(Yicai Global) April 2 -- NetEase Inc. has removed songs by acclaimed Taiwanese artist Jay Chou from its music streaming platform after a dispute with rival and partner Tencent Holdings Ltd., just weeks after the pair penned a reconciliatory agreement to put aside their differences.
NetEase has had to remove songs produced by JVR Music Co., which include those by Chou and other artists, at the production company’s request, the tech firm said in a statement yesterday.
“NetEase had a license to stream JVR songs which was valid till March 31,” a NetEase representative told Yicai Global. “We made our best efforts to renew our license but failed, so had to take down any of the songs covered by it.”
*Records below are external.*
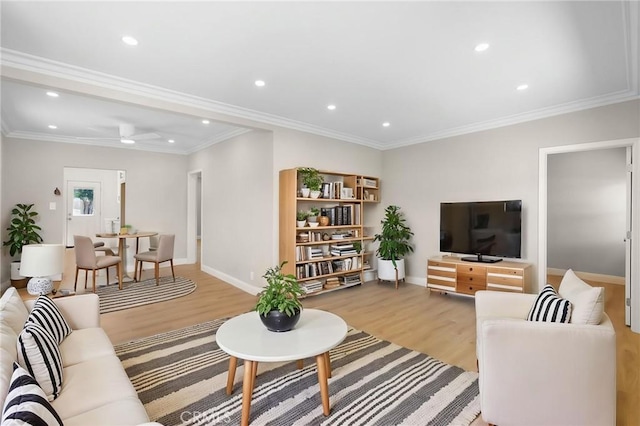 208 W Caldwell St, Compton, CA 90220 - living room featuring light wood-style flooring, recessed lighting, baseboards, and crown molding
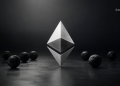 Metallic Ethereum logo standing upright with mirrored lower half, on a dark reflective surface with scattered black spheres.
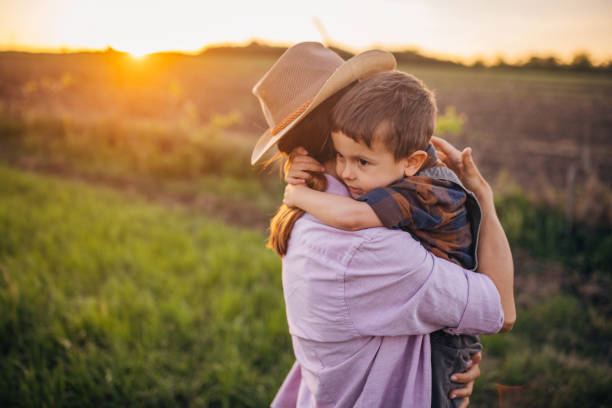 istock Woman farmer enjoys a beautiful sunset with her son 2152507424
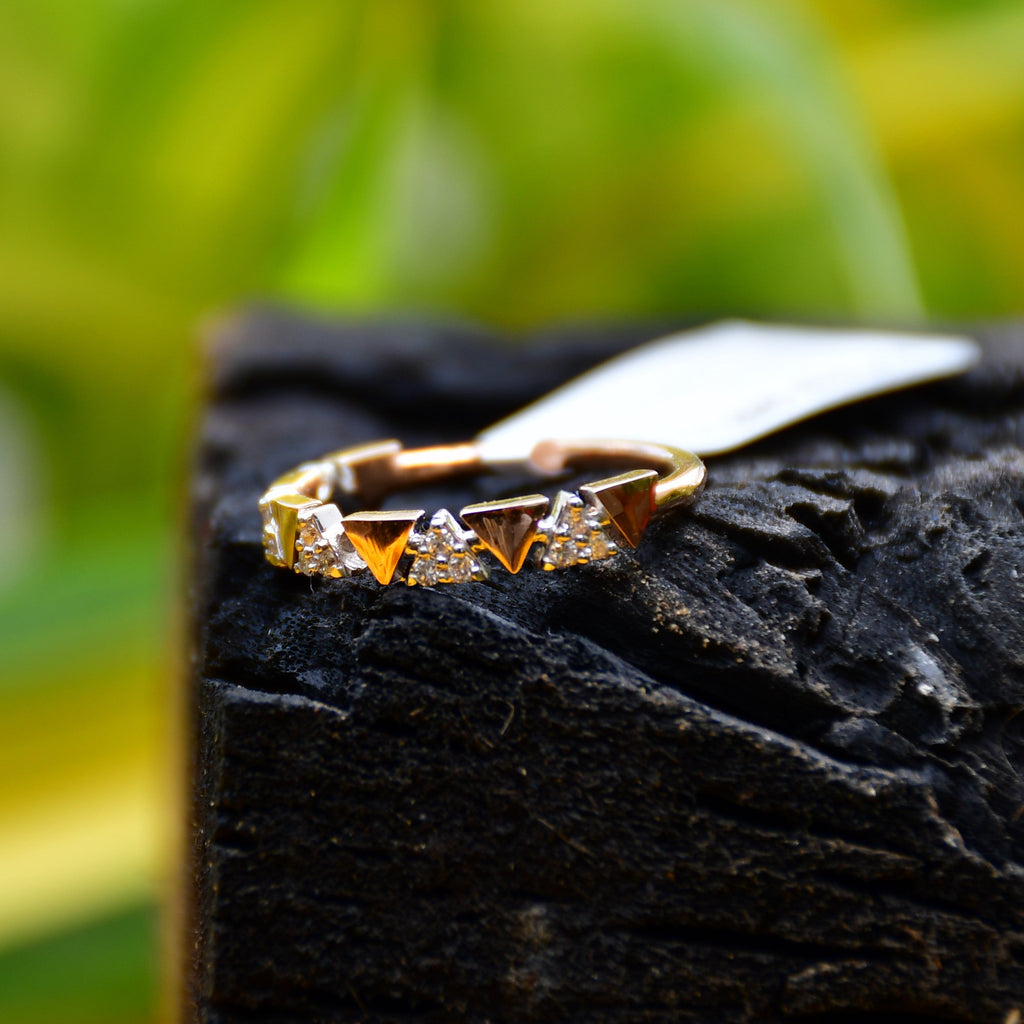 Gold ring with small diamonds on a dark stone surface with a blurred green background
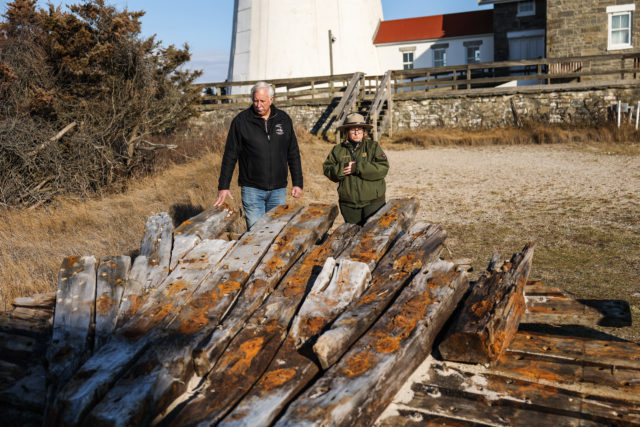 Two people stand behind a large wooden piece of shipwreck on the shores of a beach.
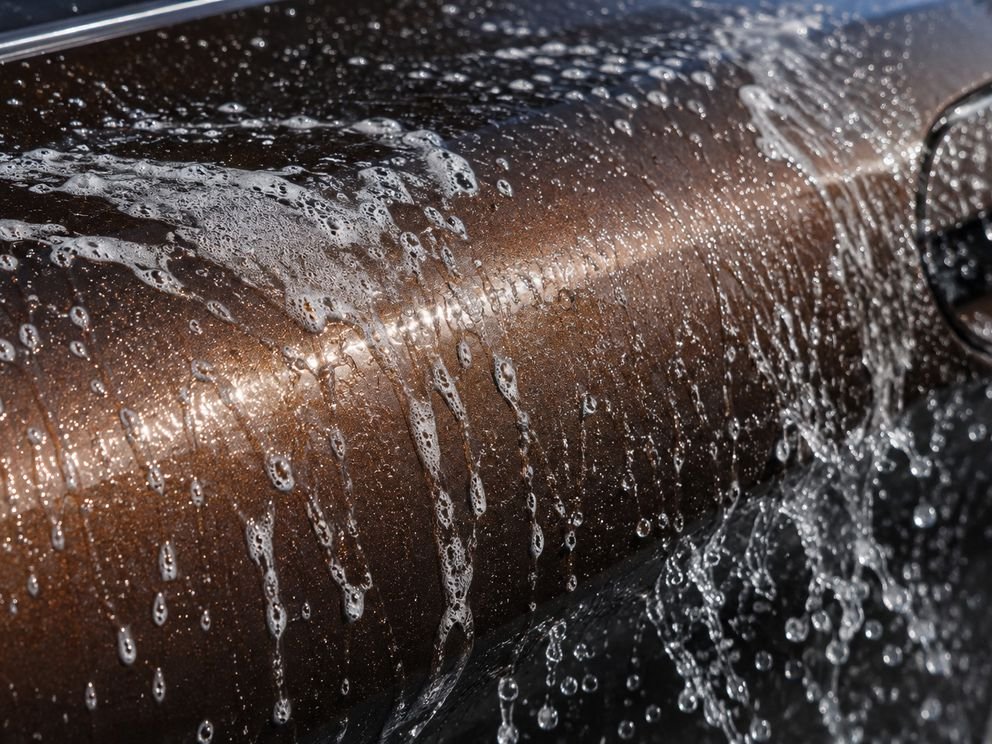 A protected panel beaded with road spray and cleaning solution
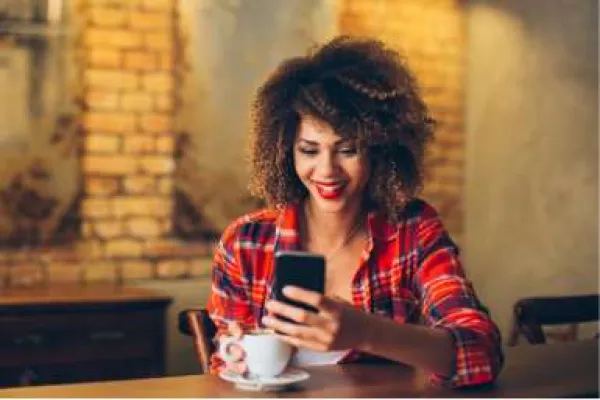 woman enjoying coffee and using cell phone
According to JVR, Tencent Music Entertainment Co. suspended its music-sharing agreement with NetEase after JVR found the NetEase had violated copyright licensing, TME, the copyright agent for Chou’s songs, told Yicai Global. The two tech giants had agreed in February to share more than 99 percent of their music libraries as the National Copyright Administration of China sought to level the playing field in the industry.
NetEase starting selling around 200 of Chou’s songs on March 30, allowing users to purchase them so they can continue listing after the songs were removed. The company kept selling the songs after its license expired, which TME said constitutes copyright infringement. NetEase has made more than 100,000 sales of the songs, earning it at least CNY200,000 (USD31,776), but has since said it would refund those who bought the tunes after March 31 and withdraw their rights to listen to them through the app.
“NetEase conducted many irregular practices during the time it held a JVR license,” TME said. “And these practices continued after the NCA stepped in. As far as JVR is concerned, TME suspended its partnership with NetEase when its license expired.”